The Dish

Single In The City

Amanda Hess questions the assumption that cities like Los Angeles and New York are great for dating:

A closer look at the studies shows that they’re often measuring the best cities for single people to stay that way—depending on your perspective, the worst cities for singles. In New York, Kiplinger’s 2012 count notes, over half of the metro area’s 18.7 million households are unmarried ones (the national average is 28 percent), and one in five people fall between the ages of 20 and 34. Of the Los Angeles metro’s 12.7 million people, 54 percent of households aren’t hitched. Forbes and Kiplinger present volume of daters as a positive, but the research of Sheena Iyengar suggests otherwise.
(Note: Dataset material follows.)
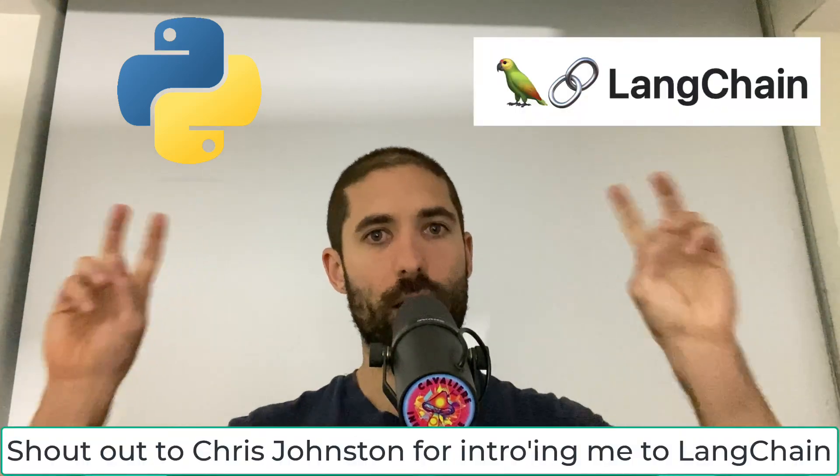In this video, we will look at how to interact with OpenAI models via a Python library called LangChain.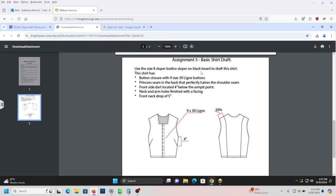Today we're going to do Assignment No. 5, Basic Shirt Draft. Here's the flat sketch for it — it's a basic sleeveless shirt. We're going to utilize the manipulations of dart rotation on the front, and darts into seams creating princess seams on the back. We're also going to slightly shape the neckline from a round crew neck into a shallow square neck, add a button placket, and finish with facings. So let's get to it.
 Back in the ‘90s, Iyengar noticed something odd about her local luxury grocery store. Though the shop was "renowned for its huge selection of produce, packaged foods, and wine," Iyengar "often walked out empty-handed, unable to settle on just one bottle of mustard or olive oil when she had hundreds of options." The experience fueled Iyengar’s research into the psychology of choice. What she discovered were "neurological limits on humans’ ability to process information" that meant "the task of having to choose is often experienced as suffering, not pleasure." Iyengar concluded that "the explosion of choice has made it more difficult overall for people to identify what they want and how to get it."
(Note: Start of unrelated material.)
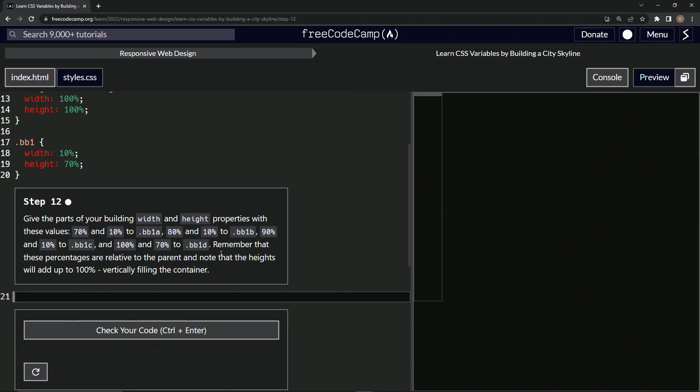All these right here. We're gonna remember that these percentages are relative to the parent and note that the heights will add up to 100%, vertically filling the container.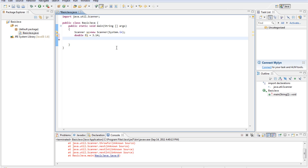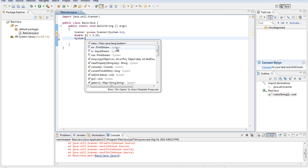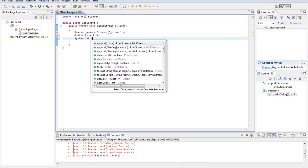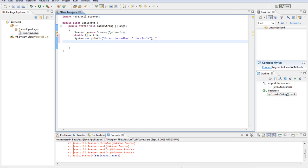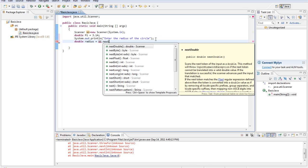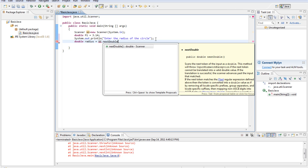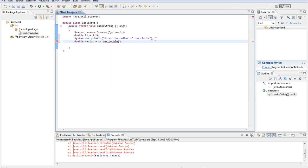Then what we're going to do is read the radius of the circle. So we're going to do system.out.println enter the radius of the circle. And then we're going to do double radius equals sc.nextdouble. So we stored that.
On a related note, Jon Millward conducted a four-month experiment on OKCupid, using ten dummy accounts. What he found:

The women as a group received over 20 times more messages than the men.  The two most attractive women received 83% of all messages. The two most attractive women probably would have received several thousand more if their inboxes hadn’t have reached maximum capacity. It took 2 months, 13 days for the most popular woman’s inbox to fill up. At the current rate it would take the most popular man 2.3 years to fill up his.